Do people use your product how you think they do? Do they use the features you expect them to? Have they developed surprising habits? These are questions that a quantitative assessment can answer.
Watching your product usage data roll in through a tool like Amplitude is easy, but it’s only meaningful if you know what you’re looking for. Which actions mean a user is getting value? Here’s how to find out.
- Make your value hypothesis (or a few). This hypothesis is your assertion of the value you think your product provides to your end user. You should have one per end user persona. At Falkon, one of our end users is a BDR manager. Our value hypothesis could be: Falkon helps a BDR manager coach their team more efficiently by spending much less time preparing for weekly 1:1s.
- Come up with value metrics, the 2-10 trackable in-product activities that represent your value hypothesis. In our example, we would want to see if our BDR users visit the coaching platform every week. Do they look at each rep’s data? Do they share reports with everyone? We would track logins to the coaching platform, clicks and time spent there, and the number and frequency of report sharing.
- Compare the value metrics to what your end users tell you. If your council or other customers are reporting that they love the product but their value metrics don’t reflect what you expect, it means one of two things: they’re being nice and you need to create the psychological safety for them to tell you how they really feel, or your value metrics are wrong and you need to dig into what the users actually do as a step toward new metrics.

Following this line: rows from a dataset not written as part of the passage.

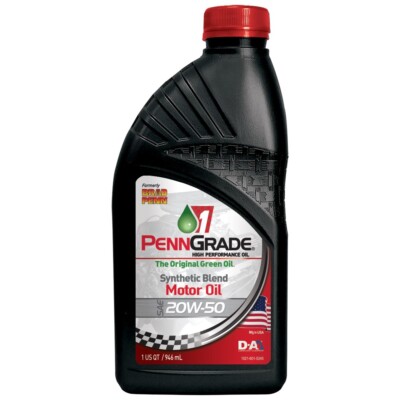 Brad Penn Grade 20W50 High Zinc Performance Green Racing Eng Oil, 12 Quart Case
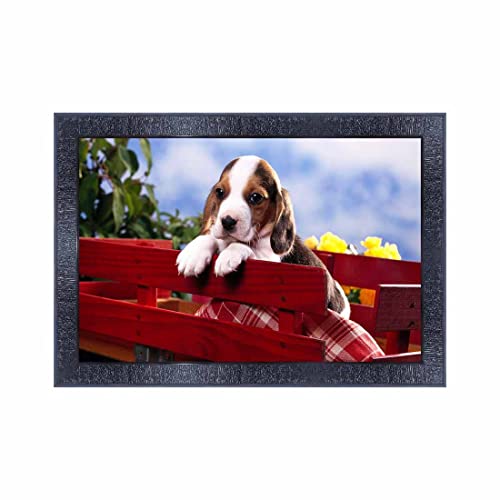 pnf Poster And Frames Dog Wall Painting With Acrylic Sheet | For Living Room, Bedroom | Home Decoration Item | Best Gifting Option (10 * 14inch,Multicolour,Synthetic) 7352 - Image 1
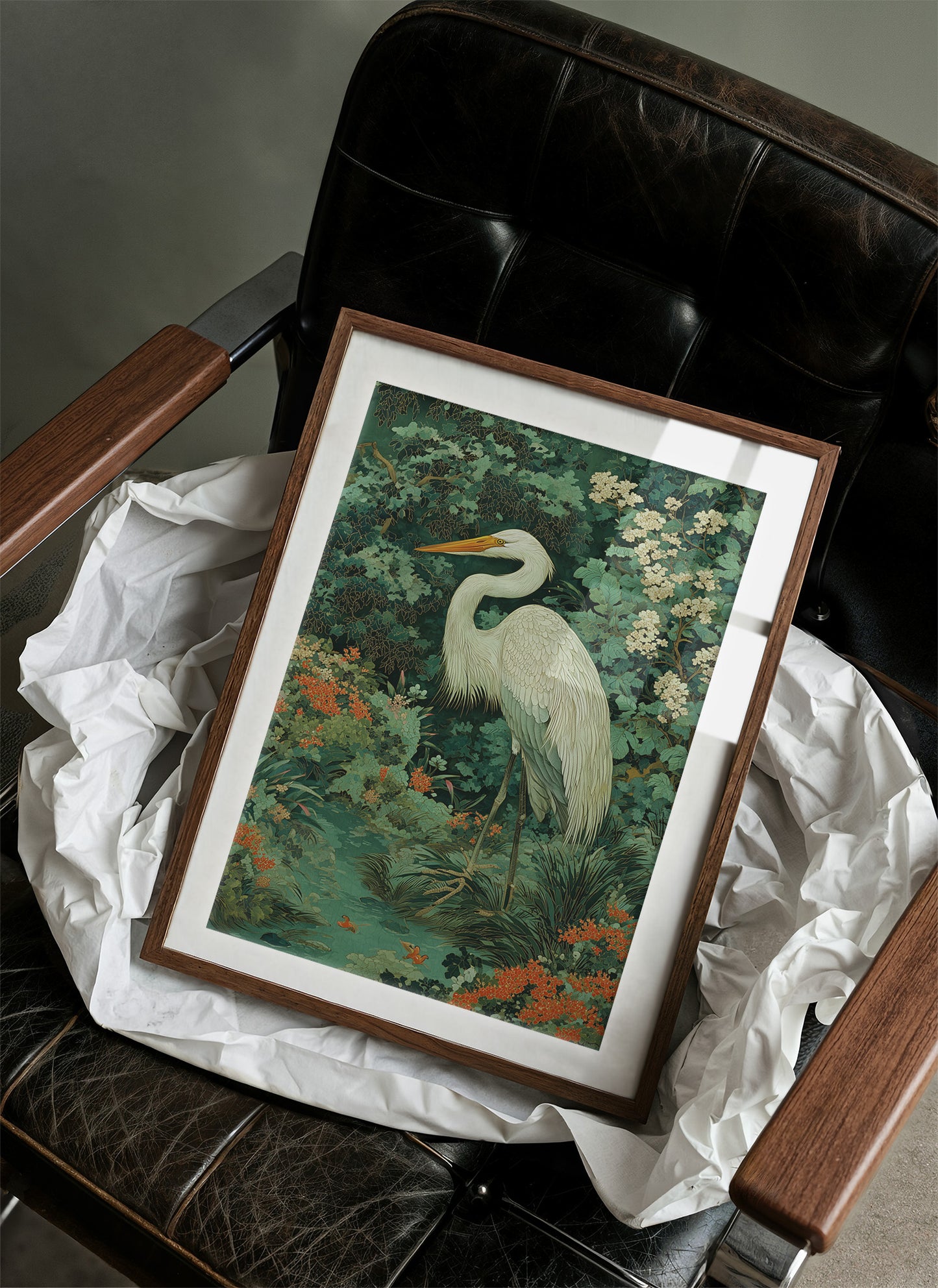 White Heron Among Garden Secrets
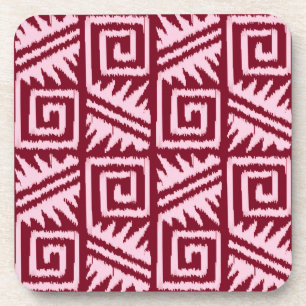 Ikat Aztec Muster - Burgund und Rosa Getränkeuntersetzer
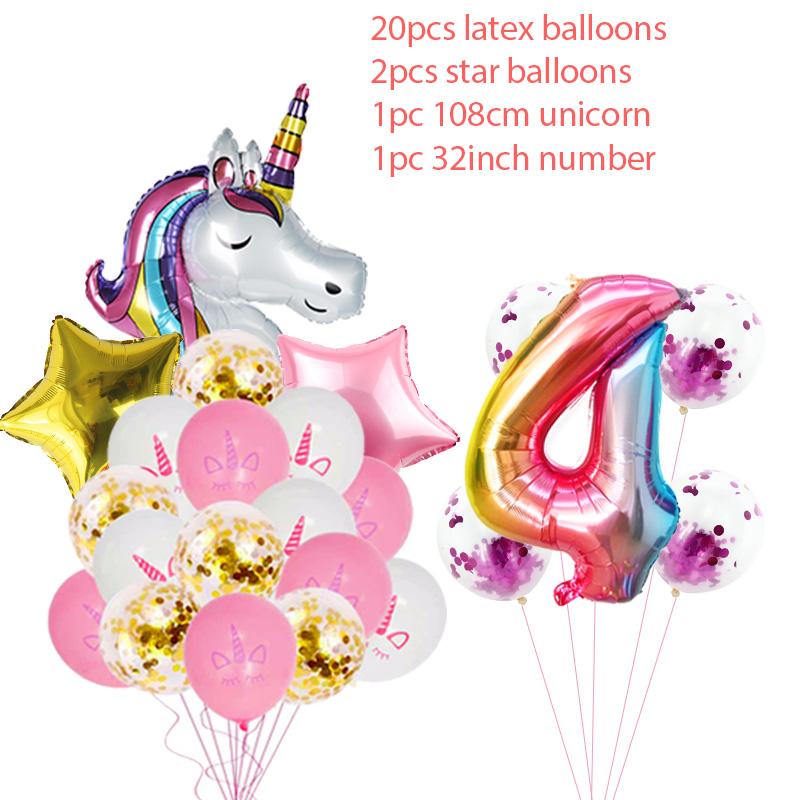 Украшение в виде единорога, одноразовый набор столовых приборов для вечеринки, товары для дня рождения в виде единорога, украшения для дня рождения девочки на первый день рождения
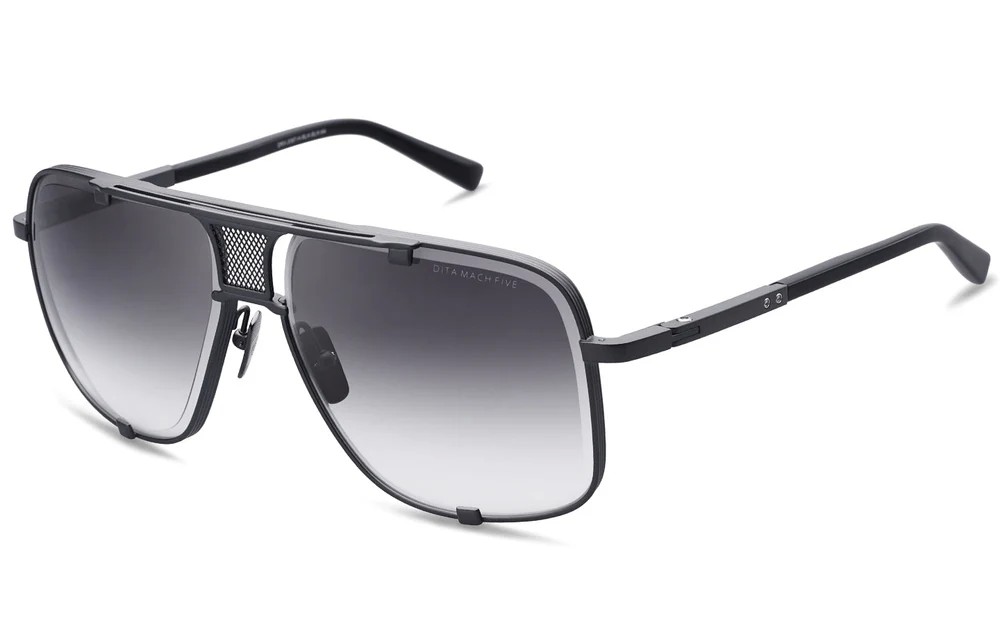 Dita MACH FIVE TITANIUM DRX-2087 - H - 64 Occhiali da sole Black Pilot (Aviator)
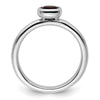 Curata 925 Sterling Silver Bezel 5mm Cushion Cut Garnet Ring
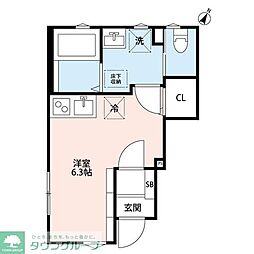 グランソフィア上福岡 ワンルームの間取図画像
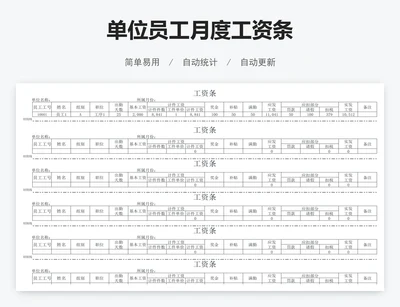 单位员工月度工资条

- Learn from renewal and expansion accounts if you have a large user base. See what they have in common with each other. If 80% of renewal customers use feature X and feature X was less frequently used in lost customers, it’s one that reinforces your value hypothesis or spurs you to make a new hypothesis.
Value metrics are likely to change as your product evolves, so expect to revisit your hypotheses. The brilliant thing about these metrics is that they’re useful throughout the entire revenue lifecycle. They are the earliest predictors of cross-sell and upsell readiness, and the first signals of revenue risk. Drive more expansion dollars with alerts around your value metrics that tell the sales team which accounts and contacts to prioritize. Increase revenue retention by catching meaningful decreases well ahead of loss.